What is Ethereum

You’ve probably heard of cryptocurrency at this point and familiar of one of the most popular forms of cryptocurrency today: Bitcoin

You being here means that you want to learn more about Ethereum before you start using them. Whether you may use Ethereum for holding as an investment, trading to make profit, browsing Web 3.0, or simply because you’re curious. This is a good place to start for you and at the end of these articles you will get a better understanding on how Ethereum and other cryptocurrency works.

Many of those that get interested in virtual currency have no idea how the currency works, and sometimes only to find out that they have lost a lot of money from the lack of knowledge on how to manage it. We hope you familiar yourself with how these new technology works by reading our site.

Read More: What is Bitcoin?

Why do we need Ethereum?

The internet today is centralized. Information on databases are stored on one server, under one centralized authority. All your information on Amazon, Facebook, and Google is stored on their single servers. This means that these single servers own your information and these authority owners may distribute it, censor your content, or your information may be breached by a a hacker.

Government and companies are allowed to control and censor the content that users may distribute online through these authority servers. We have seen data breaches from authority servers such as Target, Ashley Madison, and even U.C. Berkeley. Credit card, passwords, and social security numbers are stolen leaving users open to theft and identity fraud.

Enter Ethereum

Ethereum was created with the intent that people can build programs which we use everyday that have no middle man, no single server, and no central authority to store that information.

Instead, information is stored on a blockchain which is distributed and open across the the entire Ethereum network. The worldwide network can be considered a global computer which verifies and execute the transactions. Blockchain technology was first introduced with the crypto-currency Bitcoin, which allows anonymity of users yet allow transaction to be globally transparent and verifiable.

Users may interact with the Ethereum blockchain through the use of a crypto-currency called ETH – a digital form of money that allows code to be written into the currency. This opens up a whole new world of opportunities and possibilities.

Read More: What is the blockchain

Smart Contracts

One of the most predominant features of Ethereum are what are known as smart contracts. Simply, a smart contract is just computer code that defines certain parts of an agreement and can self-execute if terms are met.

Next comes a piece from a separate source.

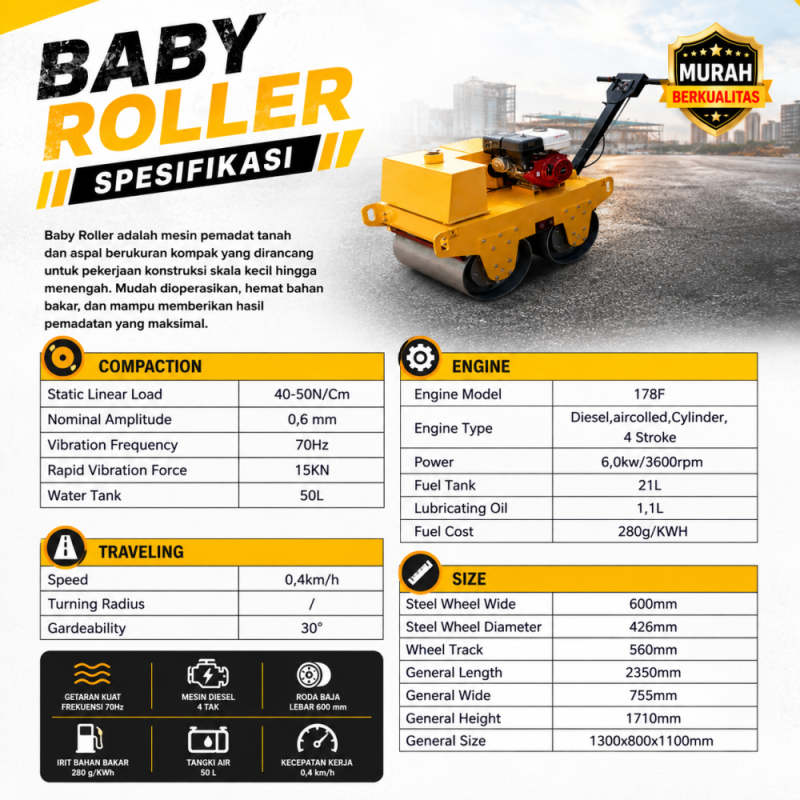 Baby Roller 600 KG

Imagine if you and friend made a bet about who would be the winner in the next Superbowl. You and your friend would create a smart contract and inside the smart contract would be the terms of the bet and a source of who would verify the winner such as ESPN or the NFL website. You and your friend would then deposit 1 ETH into the smart contract and on the day of the Superbowl the smart contract will verify and execute and the winner will be paid out the 2 ETH that were in the contract.

Using this system users can agree terms with another party without the need for a third party to execute and confirm the agreement. This allows users to bypass companies, banks, or governments which allow the parties anonymity to be persevered.

Read More: What Are Smart Contract

Decentralized Applications

Most people aren’t computer programmers and developers. How do we interact with smart contracts? The answer is: dApps

A dApp is a ‘blockchain enabled’ website, where the smart contract is what allows it to connect to the blockchain. The attraction of dApps is that while it is similar to any other web application, its files and databases are not hosted on a centralized server, such as Amazon Web cloud. dApps communicate with the Ethereum blockchain to run, get its data and execute transactions.

The programming language to build on top of the Ethereum network is called Solidity. Similar to Javascirpt, developers can create applications that can be used by users on any device.

Read More: dApps

The Ethereum Ecosystem

Every user of Ethereum that are looking to engage and make use of smart contracts and dApps on the blockchain needs Ether (or ETH) to proceed. It is for that reason that it is famously referred to as the fuel that runs the Ethereum.

The supply of Ether is limited. The whole ether amount, including the operations in the network was decided during the 2014 presale. Not more than 18 million worth of Ether get issued annually, which was around 25% for the first issue. It was set as the system in reducing inflation.

Issue Your Own Token on the Ethereum Network

Users can interact with the Ethereum blockchain and even create their own currency or token. Individuals or even entities can create a private or public tradeable crypto token that can be used as a currency, a representation of an asset, a virtual share, a proof of membership or anything at all. In essence, it is a token within the Ethereum token.

A company could institute sort of loyalty program or membership where only their customers could use that token. Another use could be people seeking crowdfunding similar to GoFundMe where creators could issue tokens in return for investment.  Written in the tokens code would be an contract stating that the holder of the token. This would work in the same as a dividend, expect all transactions could would be transparent and be executed with the use of smart contracts via the code.

Read More: What is an altcoin?

The Potential Uses of Such a System Are Truly Limitless

The creators of Ethereum and the Ethereum foundation have supplied a universal programmable blockchain and packaged it up into a client that anyone can use. The possibilities to use this blockchain technology are endless. It can be used for financial exchanges, sharing hard disk space and unused computational, online voting, peer-to-peer commerce, distributed governance, and human collaboration as a whole.